:: Stored data
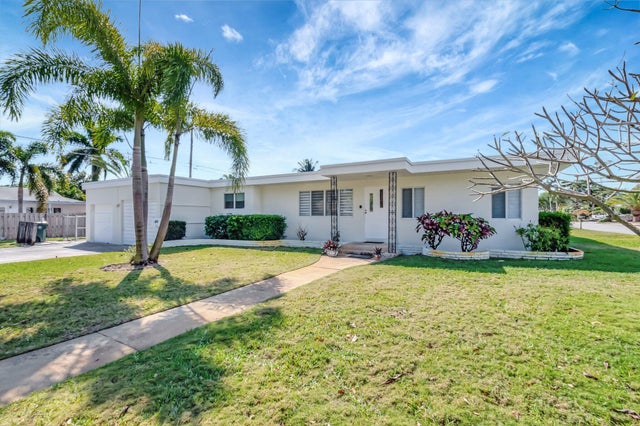 2 of 44 - 609 16th Avenue N, Lake Worth Beach, FL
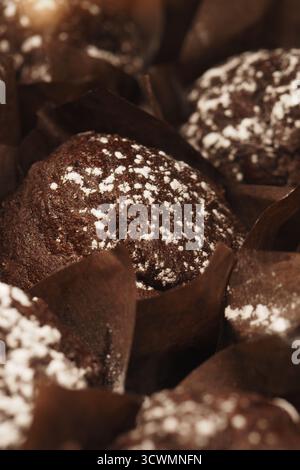 Muffins au chocolat fraîchement cuits dans une vitrine à dessert Banque D'Images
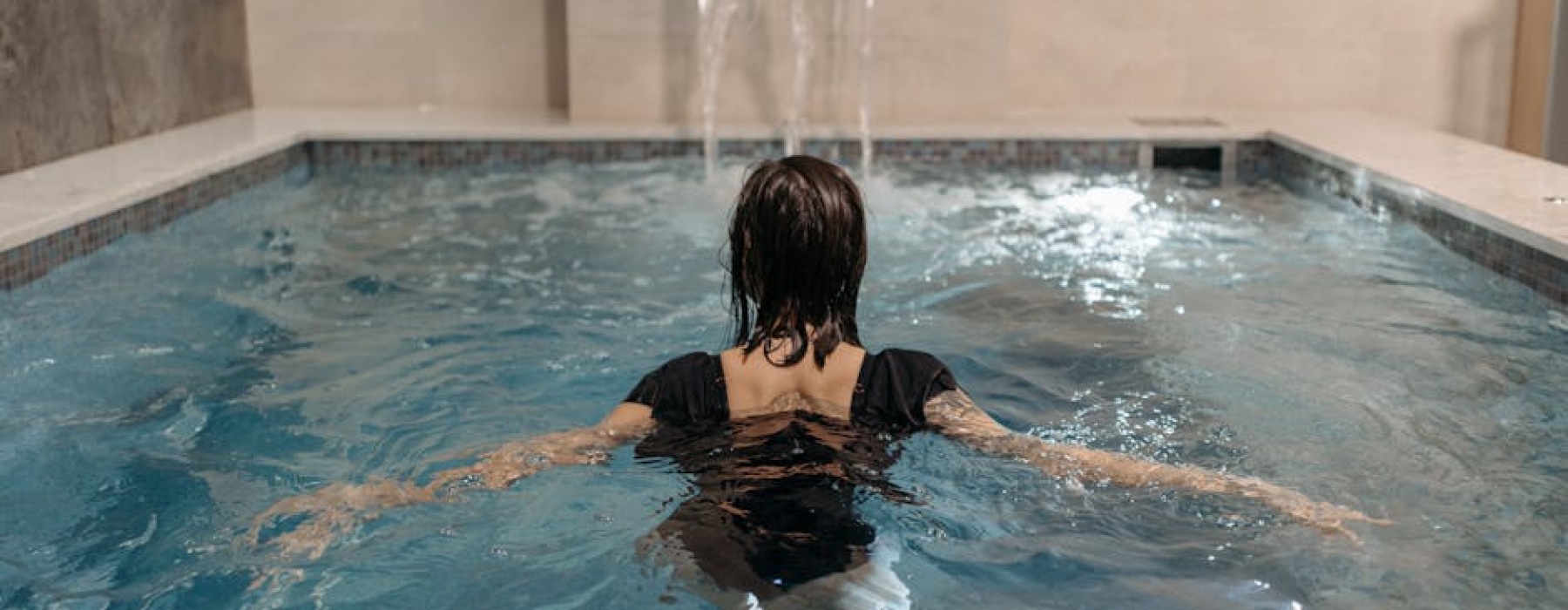 chicago indoor pool airbnb - airbnb with indoor pool chicago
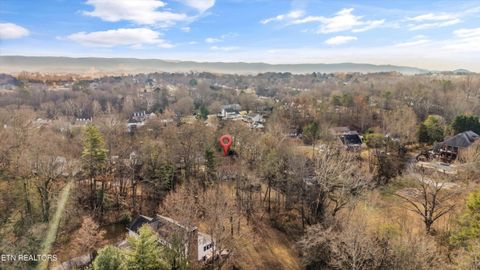 Tiny photo for 704 Knights Bridge Rd, Maryville, TN 37803 (MLS # 1324605)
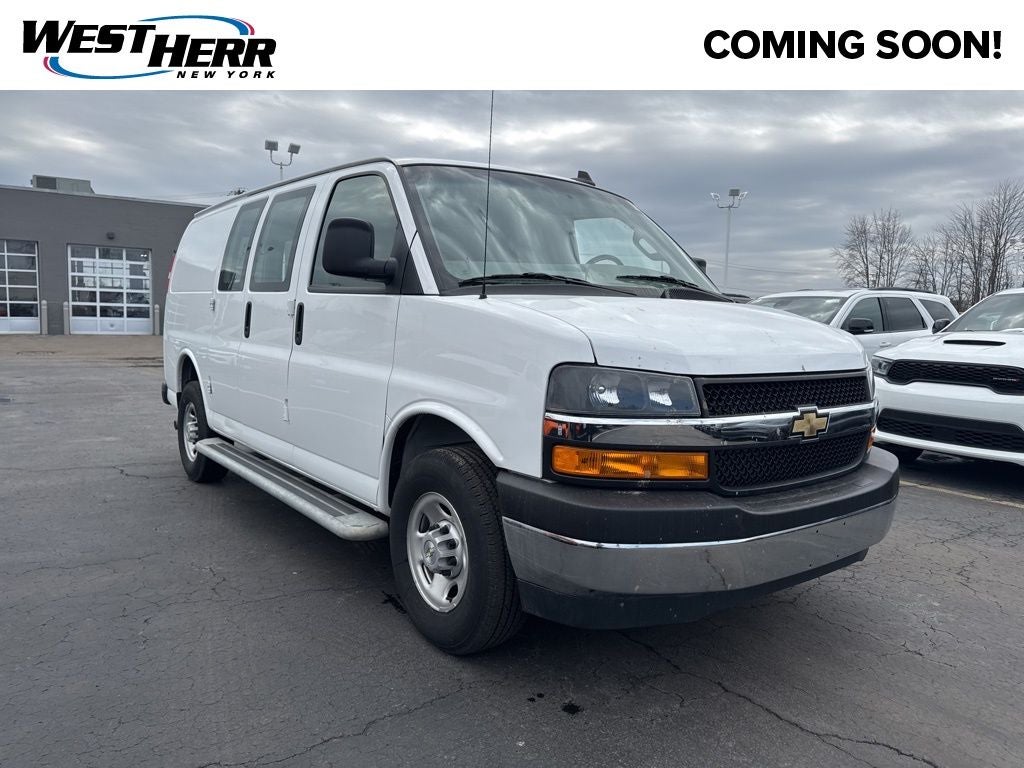 2024 Chevrolet Express 2500 Work Van Cargo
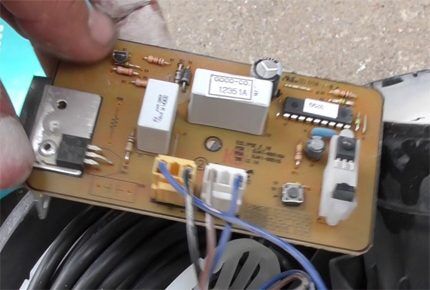Image - Do-it-yourself vacuum cleaner brush repair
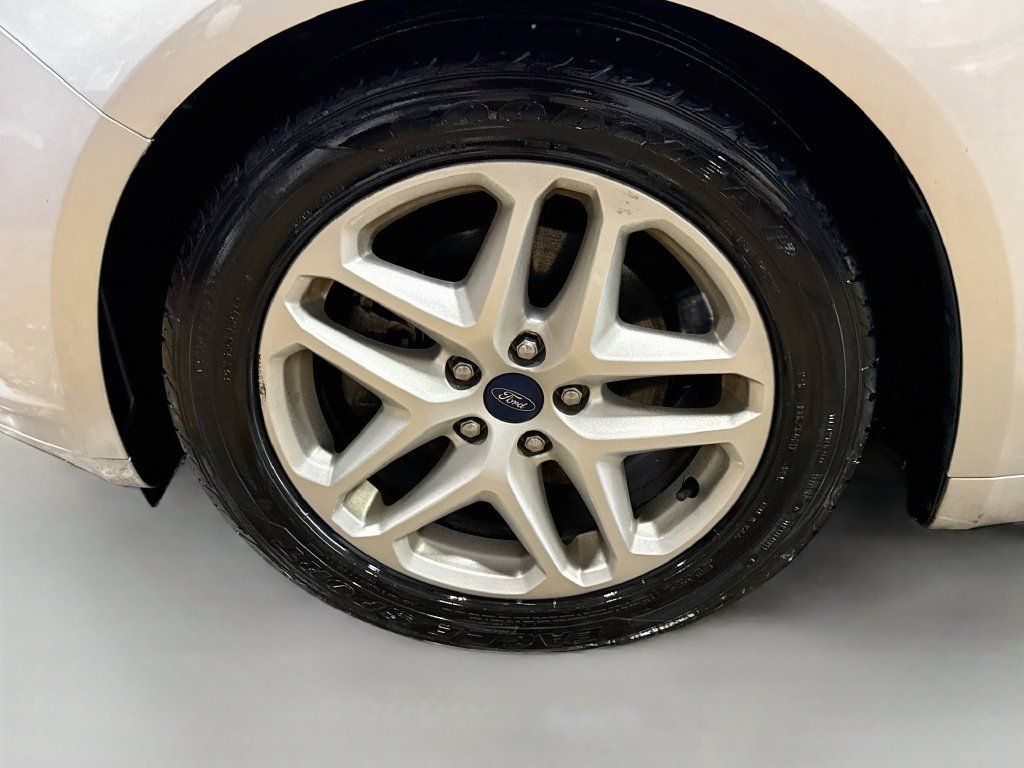 Used 2016 Ford Fusion SE FWD image 27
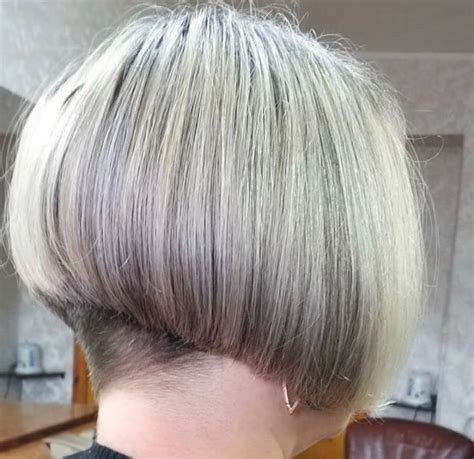 Pin By Paulpaige Sijnja On Shaved Napesbobs Short Stacked Bob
::::
**Task description:** The full text of the data above, exact and without pictures, is what to return.

**Written solution:**
 2 of 44 - 609 16th Avenue N, Lake Worth Beach, FL
 Muffins au chocolat fraîchement cuits dans une vitrine à dessert Banque D'Images
 chicago indoor pool airbnb - airbnb with indoor pool chicago
 Tiny photo for 704 Knights Bridge Rd, Maryville, TN 37803 (MLS # 1324605)
 2024 Chevrolet Express 2500 Work Van Cargo
Image - Do-it-yourself vacuum cleaner brush repair
 Used 2016 Ford Fusion SE FWD image 27
 Pin By Paulpaige Sijnja On Shaved Napesbobs Short Stacked Bob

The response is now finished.